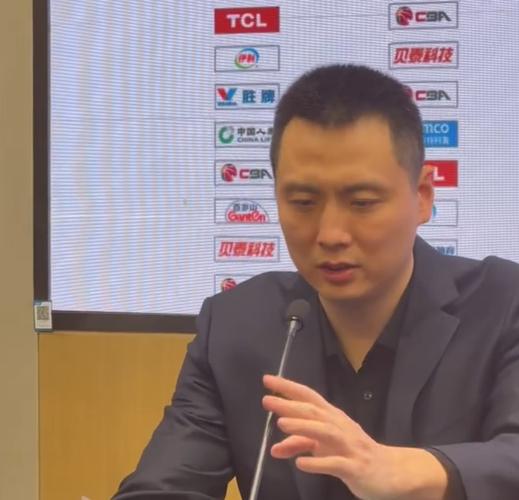 胜青岛发布会！卢伟全程谦逊+谈末节一大四小，白边强调拼劲十足
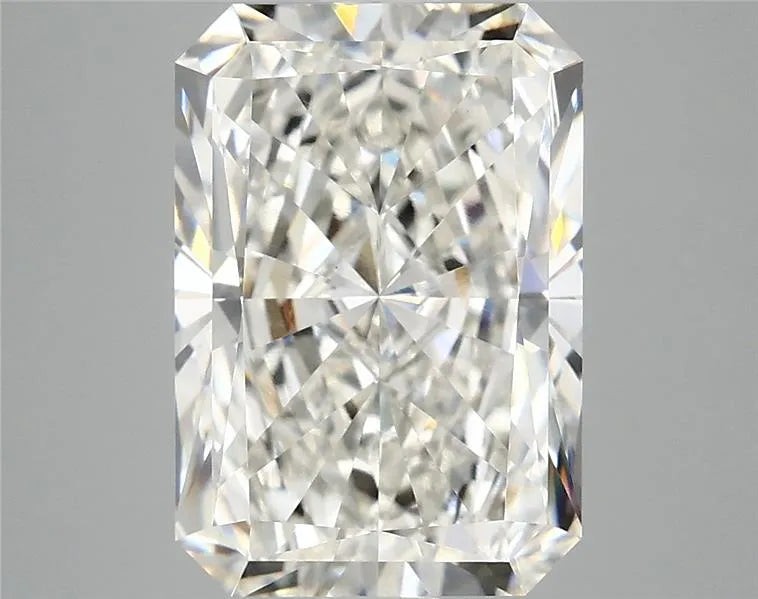 4.67ct Radiant Lab Grown Diamond (Colour G, Clarity VVS2, IGI Certified)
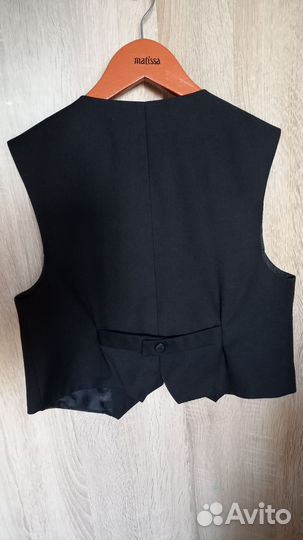 Жилетка для мальчика 134 черная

The task —
Retype the data word for word and keep the pictures out of it.

Result of this task —
 胜青岛发布会！卢伟全程谦逊+谈末节一大四小，白边强调拼劲十足
 4.67ct Radiant Lab Grown Diamond (Colour G, Clarity VVS2, IGI Certified)
 Жилетка для мальчика 134 черная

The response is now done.